FacebookTwitterGoogle+RedditEmail

Truth in Labeling: It’s Our Right to Know What’s In Our Food

by

On July 23, the U.S. House of Representatives passed H.R. 1599, the Safe and Accurate Food Labeling Act of 2015. A gross misnomer, since the bill’s real purpose is to preempt the rights of state and local governments to pass laws requiring the mandatory labeling of genetically modified organisms (GMOs), to overturn GMO labeling laws already in place in several states and to prevent the passage of any federal mandatory GMO labeling law.

If this bill becomes law, U.S. consumers will be deprived of basic information about the content of their food, information they want and have a right to know.
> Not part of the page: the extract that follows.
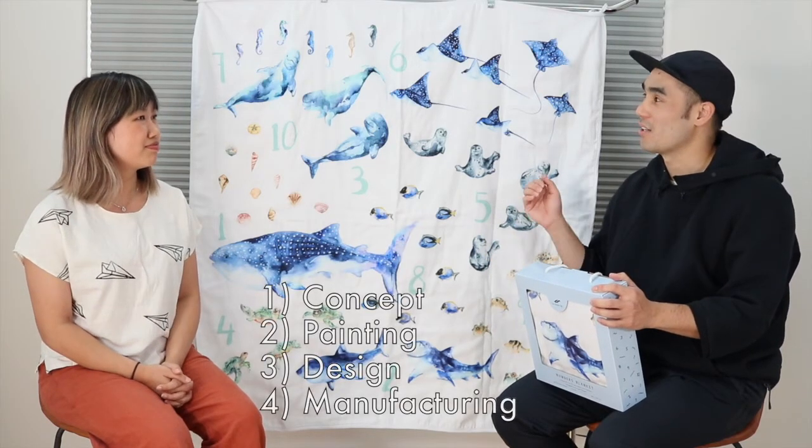Hi, this is Nam from Easy Sunday Club, and this is Kathy. Today we're going to be walking through Kathy's newest product, this Numbers Sea Creatures blanket, which launched yesterday in early November. We're super excited about it and wanted to walk you through everything — from the conception of the design, the painting of it, the design of it, and the manufacturing of it, to this final product that you see here right in this box.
It will prohibit truthful disclosure and non-misleading free speech, clearly a violation of the First Amendment.

Apparently the Republican controlled House of Representatives feels campaign contributions are protected free speech, truthful food labels, — I guess not.

Since GMO crops were first commercialized they have been widely adopted by farmers, mostly in the US and Canada. While I have never panted these crops, I have watched my neighbors, their initial, total acceptance of transgenic seed and now their efforts, to keep up with the increasing costs and failures of the technology as it becomes overwhelmed by herbicide resistant weeds and insects that have developed resistance to insecticidal crops.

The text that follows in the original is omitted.